DATASET ENTRIES.
◆ ◆ ◆ ◆
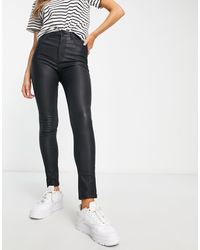 New Look - Jeans neri spalmati push-up modellanti super skinny a vita alta - Lyst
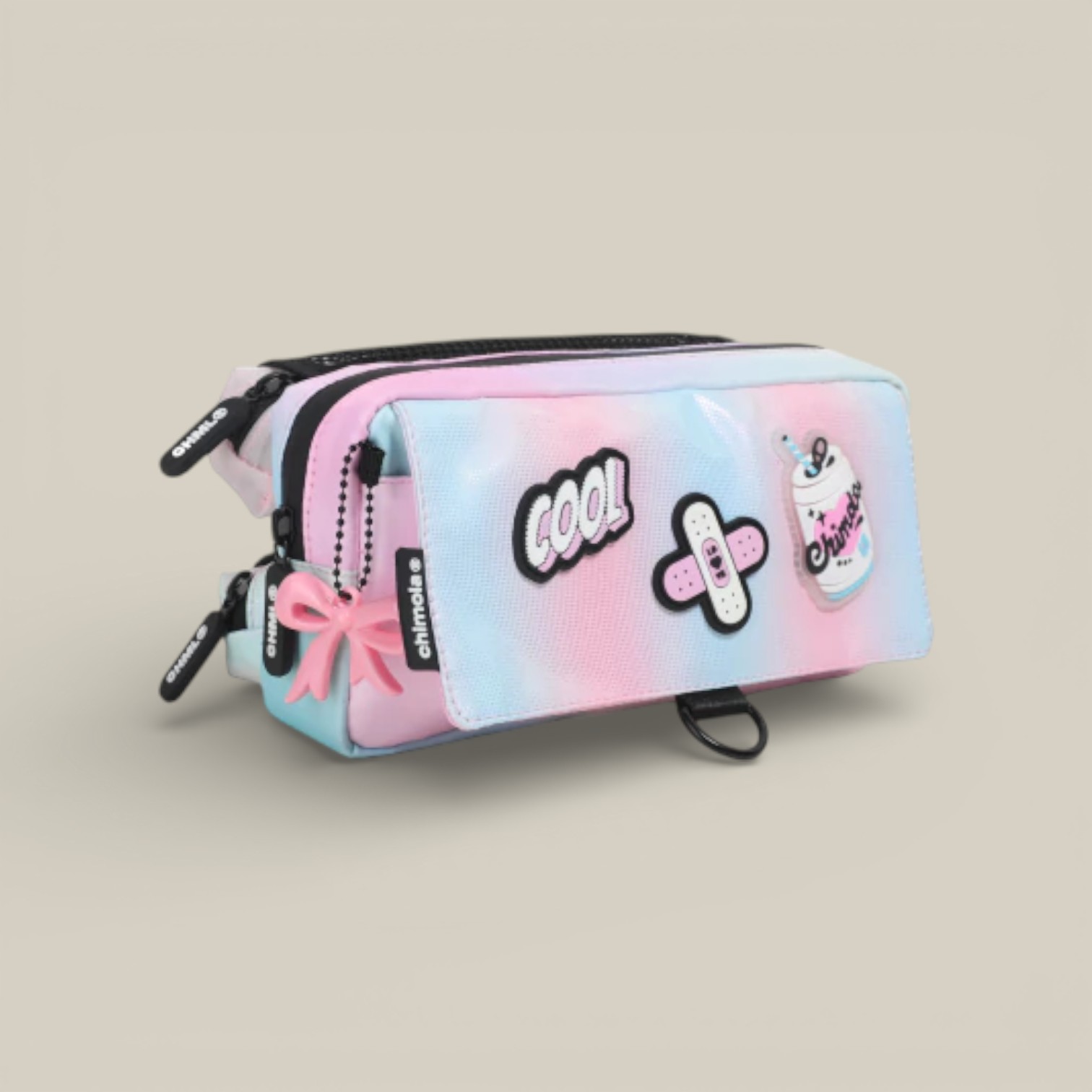 Cartuchera glowing light pink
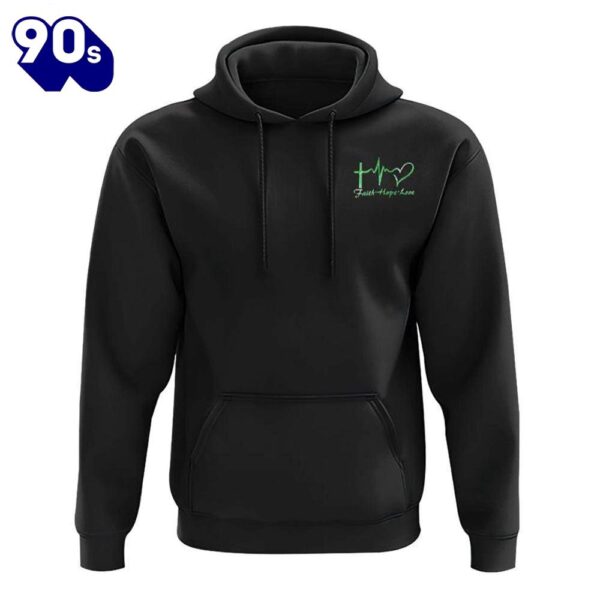 Faith Cross Clover Melt 3D Hoodie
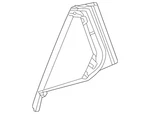 Genuine Mercedes-benz Vent Window Assembly 254-730-12-00 New. Price: $266.40.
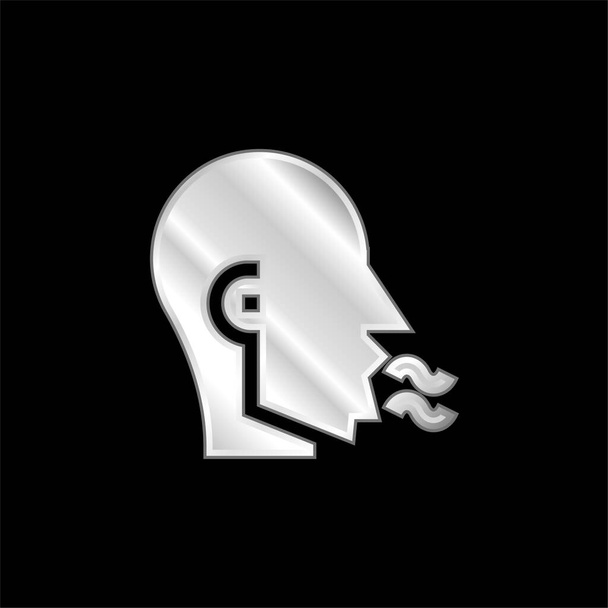 Металлическая икона с плохим дыханием - Вектор,изображение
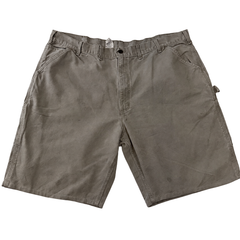 Carhartt Dungaree Work Shorts – Beige/Grey – W44 – Made in USA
◆ ◆ ◆ ◆
YOUR GOAL. Restate the records word for word, omitting images.

TASK OUTPUT.
 New Look - Jeans neri spalmati push-up modellanti super skinny a vita alta - Lyst
 Cartuchera glowing light pink
 Faith Cross Clover Melt 3D Hoodie
 Genuine Mercedes-benz Vent Window Assembly 254-730-12-00 New. Price: $266.40.
 Металлическая икона с плохим дыханием - Вектор,изображение
 Carhartt Dungaree Work Shorts – Beige/Grey – W44 – Made in USA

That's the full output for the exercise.